Improve exponential implicit search space

Question

Improve exponential implicit search space

pheymann opened this issue 6 years ago · comments

Currently, we experience an exponential growth of compile times with increasing API sizes. Taking a look at compiler statistics shows that we waste a lot of time during implicit resolution (as expected):

API:

:= :> Query[String]("test1") :> Query[String]("test4") :> Query[String]("test2") :> Query[String]("test3") :> Put[Json, User]

Statistics (-Ystatistics:typer):

time spent in implicits       : 276 spans, 1635ms (90.1%)
   successful in scope         : 129 spans, 1159ms (63.9%)
   failed in scope             : 147 spans, 1372ms (75.6%)
   successful of type          : 49 spans, 1554ms (85.6%)
   failed of type              : 98 spans, 1190ms (65.6%)
   assembling parts            : 144 spans, 59ms (3.3%)
   matchesPT                   : 11475 spans, 172ms (9.5%)
time spent in macroExpand     : 216 spans, 1351ms (74.4%)

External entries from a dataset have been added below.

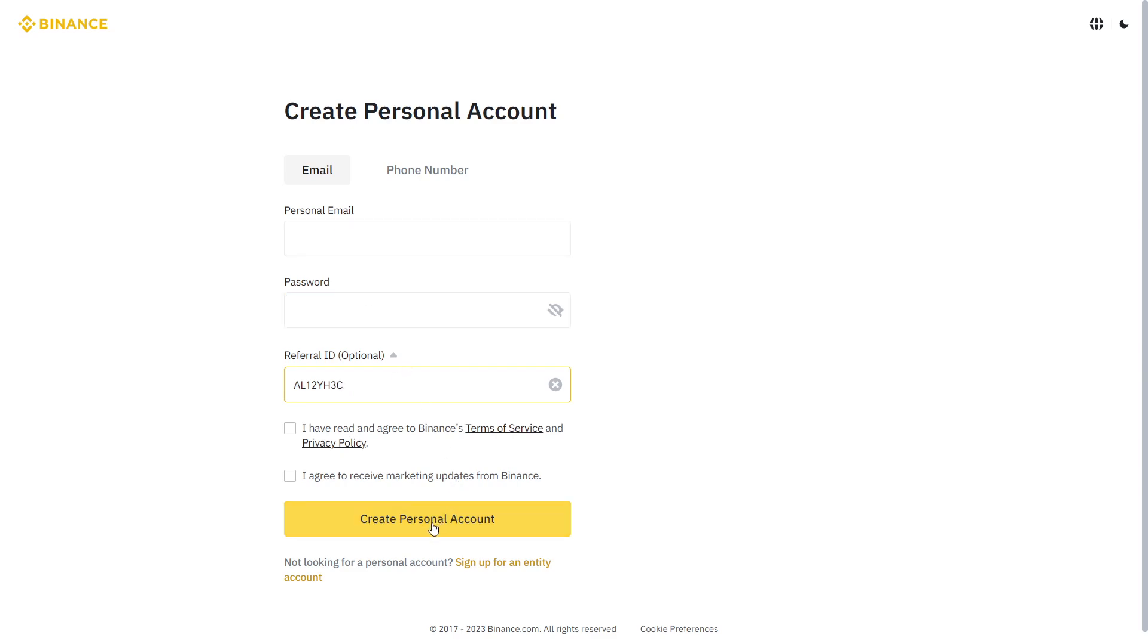Then click create personal account, and this code will be added to your account instantly.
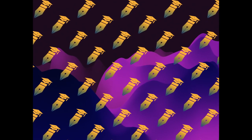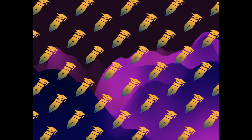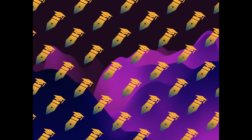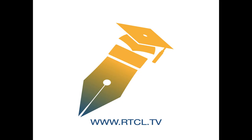Overall, the present combination is suitable for lightweight structures applications. This article was authored by Alvin Dio-Negrojo, Dafa Alandro, Harry Anto, and others. Wearearticle.tv, links in the description below.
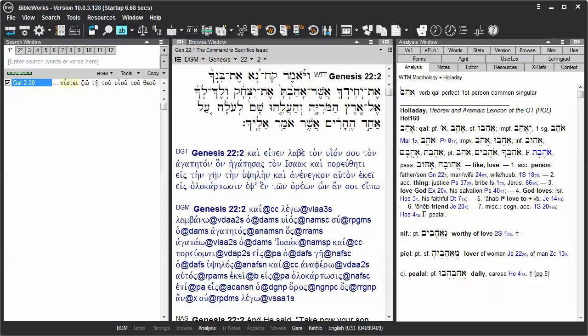Let's take a look at how to search for a Hebrew word with the command line. In this example, we wish to search for all instances of Ahav. First, we need to set the search version to a Hebrew morphology version.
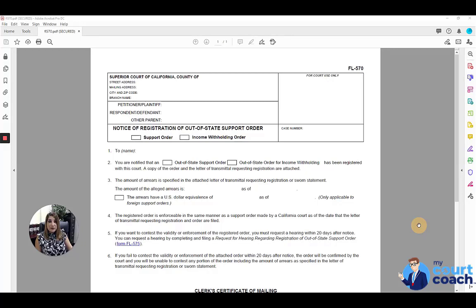Hi, thanks for using MyCourtCoach. I'm Sarah and I'll be your instructor today as we talk about the Notice of Registration of Out-of-State Support Order Form, also known as Form FL-570.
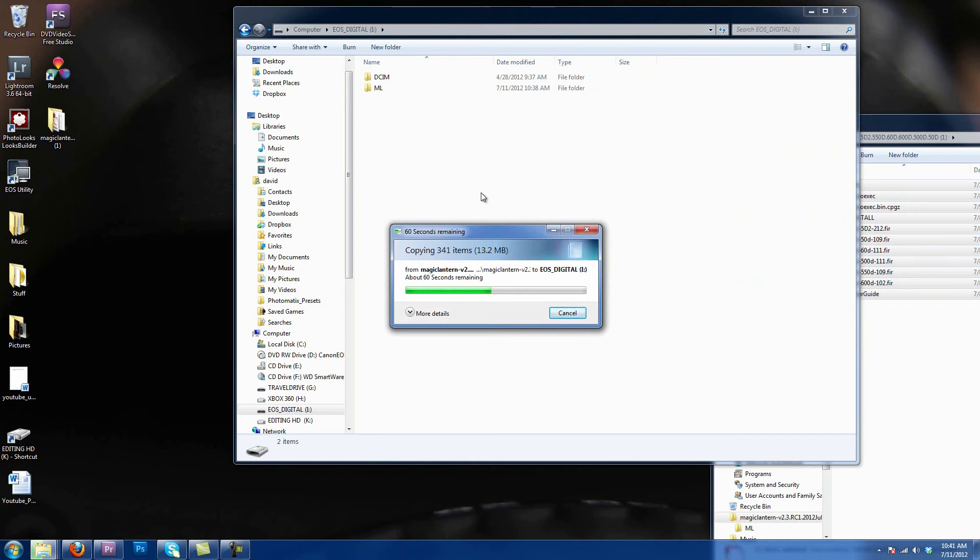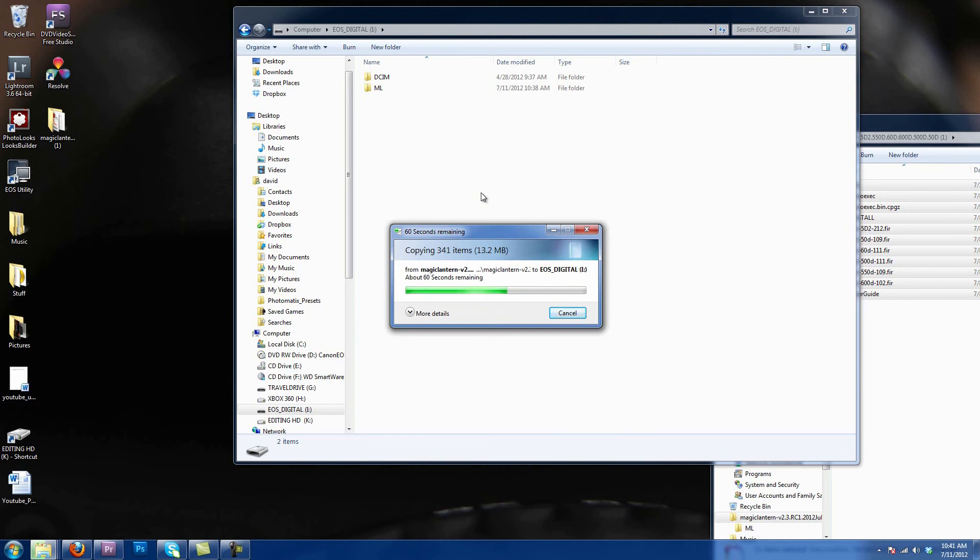Now if you guys are interested in learning how to install 2.3, I will be having a video that comes out very soon that will show you how to install 2.3 if you don't already have Magic Lantern.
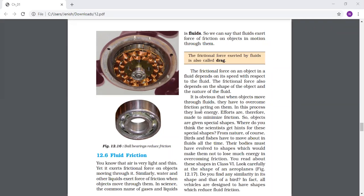The frictional force exerted by fluids is also called drag. The frictional force on an object in a fluid depends on its speed with respect to the fluid. The faster the object moves, the more friction is applied. The frictional force also depends on the shape of the object and the nature of the fluid. For example, a fish living and moving in water will have a friction force from the water acting on it. The amount of friction depends on the fish's speed, and also on the nature of the fluid - if the same fish tried to move at the same speed in castor oil, it would not be able to, because the fluid has changed and there is more friction.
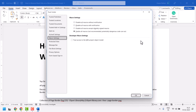Now select Macro Settings if not already selected. Then here select the first option: Disable all macros without notification. You can also select Disable all macros with notification.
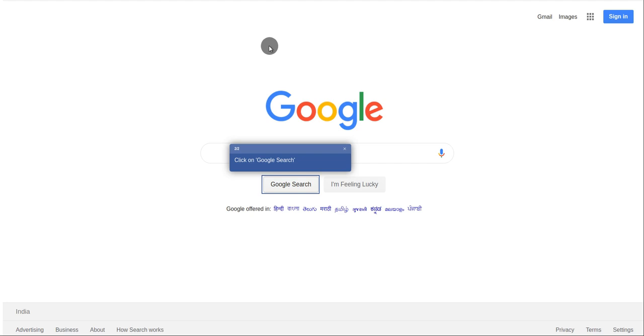After this step, there is step 2. At step 2 it's asking you to enter the text. Enter the text and it will allow you to search. Click on Google search.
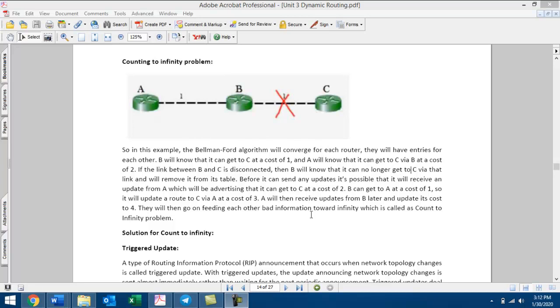Hello, welcome to Genin Notes. As a complete topic, the Count to Infinity problem.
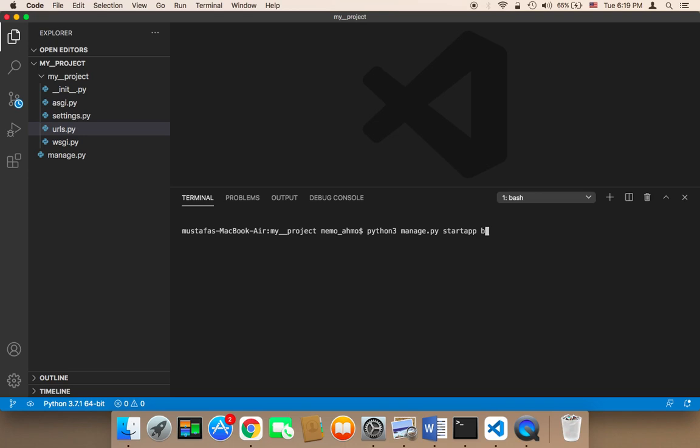Then manage.py, then space, then start app, and then the name of the app. I'm gonna name my first app blog. It's very important to know that if you are using Python 2 you need to say Python without 3, just Python, and then space, manage.py, space, start app, space, and then the name of the app. Here I'm gonna name it blog.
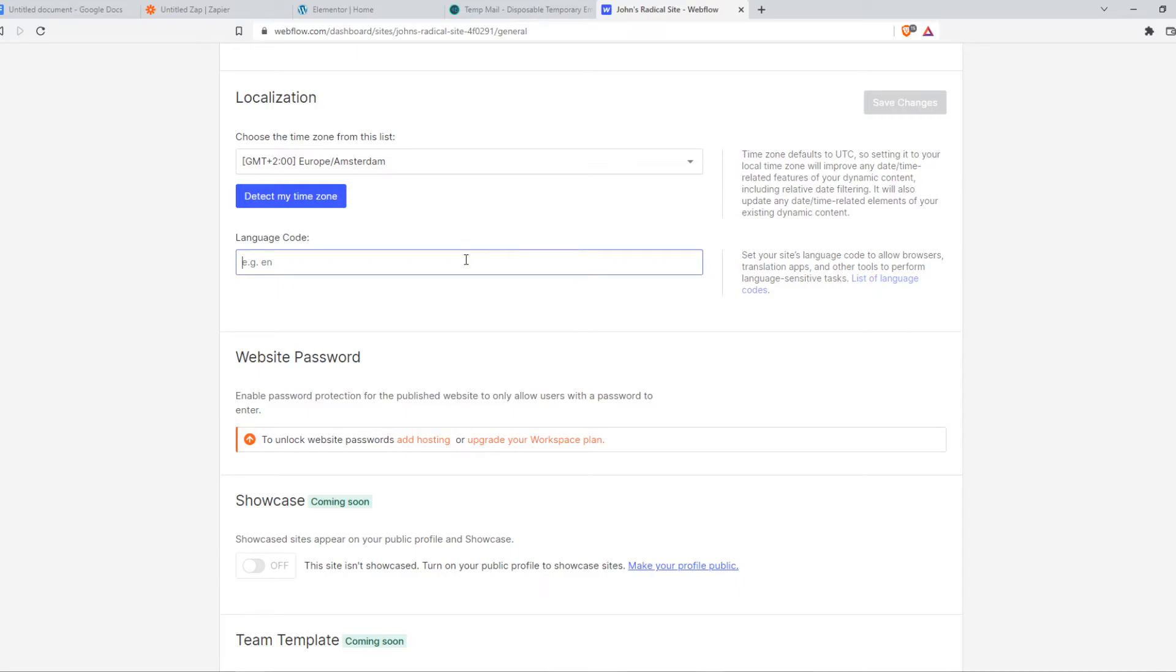For example, if I put EN, this is English of course. But I'm from the Netherlands, so I can set it to Dutch as well.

The time to do the macro expansions significantly increases with the number of elements. My best guess why that is happening are the following actions:

Lazy expansion during TypelevelFoldLeft derivation
repeated Witness derivation (API type creation and during RequestDataBuilder/RouteExtractor derivation

We also face the problem of multiple passes of the API type. But that should "only" add a constant factor to the compile time.

An indicator that the recursive Lazy resolution during the TypelevelFoldLeft derivation could be the main problem is given by the fact that Witness derivation during API-to-type transformation needs considerable less time:

time spent in implicits       : 28 spans, 139ms (27.5%)
   successful in scope         : 0 spans, 0ms (0.0%)
   failed in scope             : 28 spans, 88ms (17.5%)
   successful of type          : 6 spans, 38ms (7.7%)
   failed of type              : 22 spans, 11ms (2.2%)
   assembling parts            : 28 spans, 3ms (0.6%)
   matchesPT                   : 430 spans, 10ms (2.0%)
time spent in macroExpand     : 5 spans, 24ms (4.9%)

To get a complete picture I need to profile the compiler. But before doing that I will start by implementing a low hanging fruit which is fusing the different derivation passes. Instead of having a fold, request data, etc. pass I will fuse them into a single pass. That way I should get rid of the recursive Lazy and spare me the repeated iterations.

If the problem still persists I have to invest more time and take a deeper look.

Paul Heymann · Answer 1 · Wed May 22 2019 17:34:48 GMT+0800 (China Standard Time)

I think this problem can be solved by merging the different transformation stages into a single one. That means, instead of having a HList of ApiElements which we transform into a tuple storing ApiOps and Witnesses we directly create the tuple. Thus we would get rid of TypeLevelFoldLeft and the corresponding computations.

Furthermore, we could take a look into implicit caching to reduce the number of Witness derivations.

Until this problem isn't solved, I will mark this project/repository as experimental.